The U.S. Department of Education’s Office for Civil Rights will be investigating complaints brought forth by two New York school districts that say the state’s funding structure for public schools discriminates against districts with high concentrations of people of color, students whose first language is not English, and students with disabilities.
The complaints were originally brought forth almost a year ago by the superintendents of Middletown City School District and Schenectady City School District.
The OCR first responded that they could not go forward with an investigation because it did not have jurisdiction over some of the parties involved in the complaint. The complaint is against New York state, the state legislature, Governor Andrew Cuomo, Comptroller Tom DiNapoli, the state Board of Regents and the state Education Department.

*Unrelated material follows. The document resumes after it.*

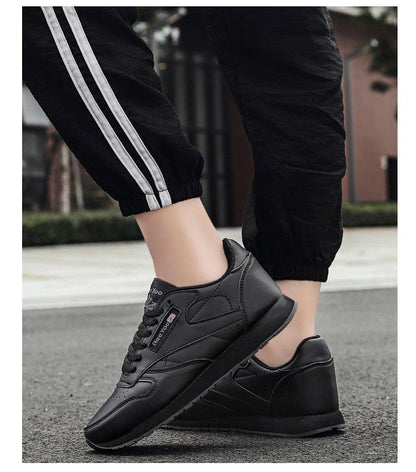 Autumn Womens Mens Sneakers Black Fashion Vulcanized Shoes Lace-up Casual Flats Light Couple Fashion Sneakers Breathable Casual Comfortable Lightweight Sneakers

Now, the investigation will move forward, focusing on the Board of Regents and the Education Department, since the OCR has jurisdiction in those areas.
The Schenectady City complaint is here.
The Schenectady City superintendent says he can't believe any independent entity could look into the funding in New York State and see it as anything other than a problem:
"Yes, I'd say it's ground-breaking," Superintendent for Schenectady City Schools Larry Spring said. "I was cautiously optimistic that OCR would open it and investigate. It's the right thing to do. Hopefully, change will result from it."
According to a press release from the Schenectady School District, when Spring and Middletown Superintendant Kenneth Eastwood met with the Department of Education, the federal agency told them these complaints will be the first of their kind the Office for Civil Rights has investigated. A similar complaint was filed in Texas but was withdrawn to pursue the issue in court.
The release states that Schenectady and Middletown schools are among the 8 percent of schools in the state with minority-as majority student populations and are also shorted funding they are owed through the Foundation Aid Formula, which is funding required under the Campaign for Fiscal Equity court decision, which states that schools must be funded sufficiently to provide a sound basic education.
"It's a fact that school districts with higher concentrations of minority students are systemically underfunded," Spring said. "I can't see how any agency will investigate this and find it acceptable."
It's a shame that Cuomo and the legislature aren't a target of the investigation, since they're really the people behind the funding problems, but we'll have to take the investigation into NYSED and the Board of Regents for now.